Yet if the disabled person has more than $2,000 in assets, the
government claims them to cover its own costs, so leaving money to a
disabled child in a traditional will does nothing. The government,
though, has created a way around the $2,000 hurdle: parents can
establish what is called a special-needs trust, using life insurance,
real estate and other assets to create a fund that can pay for an
enhanced life while leaving basic benefits like Supplemental Security
Income intact.
Such is the planning gantlet parents of disabled children must run.
That's the easy part. Going through the financial planning process,
parents say, forces them to confront difficult, draining questions,
like: What, exactly, are our child's long- term prospects? Who might be
willing to act as guardian? Should we expect our nondisabled children to
care for their sibling? What about our own hopes for retirement?
Like many parents, Susan and Albert Colacello put off facing those
issues. Kevin makes procrastination easy; he is high-functioning for a
child with Down syndrome, active and mischievous.
"You sometimes forget," Mr.
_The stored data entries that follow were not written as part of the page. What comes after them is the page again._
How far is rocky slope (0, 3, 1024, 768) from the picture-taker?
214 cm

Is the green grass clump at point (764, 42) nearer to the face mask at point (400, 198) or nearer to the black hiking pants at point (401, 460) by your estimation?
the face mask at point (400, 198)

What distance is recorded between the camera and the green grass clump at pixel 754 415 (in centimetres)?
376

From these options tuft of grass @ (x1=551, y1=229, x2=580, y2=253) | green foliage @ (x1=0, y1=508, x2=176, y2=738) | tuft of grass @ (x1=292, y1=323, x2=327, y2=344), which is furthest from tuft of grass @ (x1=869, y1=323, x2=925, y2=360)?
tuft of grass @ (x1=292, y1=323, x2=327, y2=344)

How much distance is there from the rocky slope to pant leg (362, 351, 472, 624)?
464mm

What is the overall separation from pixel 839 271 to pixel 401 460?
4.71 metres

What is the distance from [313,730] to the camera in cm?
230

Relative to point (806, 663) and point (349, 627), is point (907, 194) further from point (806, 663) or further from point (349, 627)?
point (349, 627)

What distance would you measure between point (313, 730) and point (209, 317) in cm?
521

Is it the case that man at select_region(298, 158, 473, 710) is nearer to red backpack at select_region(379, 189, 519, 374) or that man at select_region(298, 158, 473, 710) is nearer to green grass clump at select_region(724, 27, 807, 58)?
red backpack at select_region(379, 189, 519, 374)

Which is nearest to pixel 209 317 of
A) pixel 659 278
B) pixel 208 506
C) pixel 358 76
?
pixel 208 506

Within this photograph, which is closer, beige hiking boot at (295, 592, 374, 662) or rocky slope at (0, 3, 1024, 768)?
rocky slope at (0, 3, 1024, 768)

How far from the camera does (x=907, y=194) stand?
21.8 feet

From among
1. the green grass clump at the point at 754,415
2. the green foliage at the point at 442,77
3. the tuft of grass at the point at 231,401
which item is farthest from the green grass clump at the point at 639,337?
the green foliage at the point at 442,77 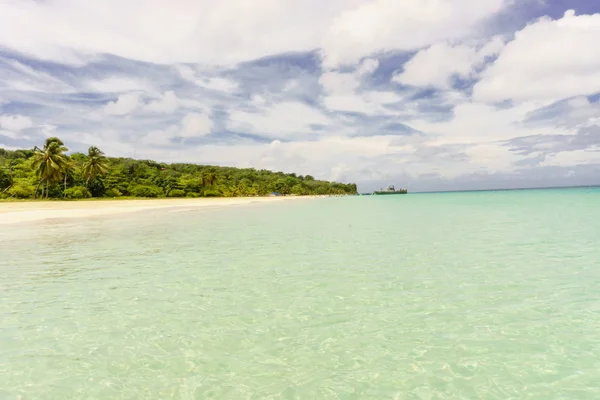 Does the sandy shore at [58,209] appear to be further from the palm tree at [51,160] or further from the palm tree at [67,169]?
the palm tree at [67,169]

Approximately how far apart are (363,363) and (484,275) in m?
7.40

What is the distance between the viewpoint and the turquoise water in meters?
5.41

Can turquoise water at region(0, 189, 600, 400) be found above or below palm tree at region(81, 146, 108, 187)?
below

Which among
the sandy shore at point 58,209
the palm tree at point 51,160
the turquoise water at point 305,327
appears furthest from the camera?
the palm tree at point 51,160

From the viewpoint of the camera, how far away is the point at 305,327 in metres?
7.53

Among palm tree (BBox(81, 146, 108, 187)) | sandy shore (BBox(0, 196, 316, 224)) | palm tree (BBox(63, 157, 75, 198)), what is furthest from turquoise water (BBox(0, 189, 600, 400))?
palm tree (BBox(81, 146, 108, 187))

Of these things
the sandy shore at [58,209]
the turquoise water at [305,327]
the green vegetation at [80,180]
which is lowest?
the turquoise water at [305,327]

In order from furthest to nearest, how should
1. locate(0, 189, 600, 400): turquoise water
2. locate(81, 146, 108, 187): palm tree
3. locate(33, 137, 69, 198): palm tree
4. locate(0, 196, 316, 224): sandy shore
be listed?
locate(81, 146, 108, 187): palm tree < locate(33, 137, 69, 198): palm tree < locate(0, 196, 316, 224): sandy shore < locate(0, 189, 600, 400): turquoise water

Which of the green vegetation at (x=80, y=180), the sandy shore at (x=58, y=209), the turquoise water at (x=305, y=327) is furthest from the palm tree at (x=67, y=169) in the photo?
the turquoise water at (x=305, y=327)

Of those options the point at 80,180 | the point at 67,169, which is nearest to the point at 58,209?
the point at 67,169

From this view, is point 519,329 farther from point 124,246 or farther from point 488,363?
point 124,246

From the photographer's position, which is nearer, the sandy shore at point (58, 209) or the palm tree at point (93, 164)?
the sandy shore at point (58, 209)

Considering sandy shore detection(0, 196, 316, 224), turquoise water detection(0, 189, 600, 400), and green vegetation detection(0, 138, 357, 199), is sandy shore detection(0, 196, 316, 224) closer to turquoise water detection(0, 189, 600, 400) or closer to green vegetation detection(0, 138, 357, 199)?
green vegetation detection(0, 138, 357, 199)

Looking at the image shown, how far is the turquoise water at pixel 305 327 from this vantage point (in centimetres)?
541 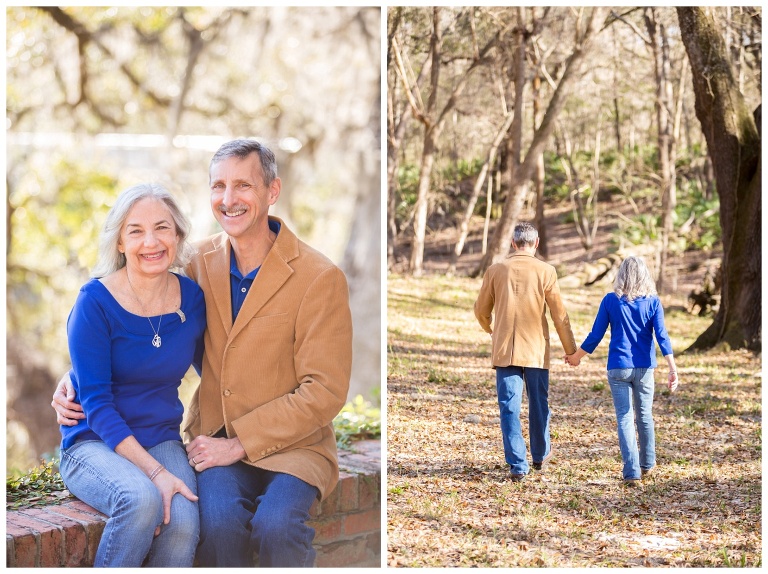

Colacello, 40, said the other day,
watching the boy wreak havoc in the living room like any other toddler.
"And then the reality sets in: someone's going to have to take care of
him."
An insistent aunt finally nudged the Colacellos toward a lawyer's
office. So did the attacks of Sept. 11.
"We lost a really good friend," Mrs. Colacello said, "and he had his
affairs really in order. It made things so much easier for his family."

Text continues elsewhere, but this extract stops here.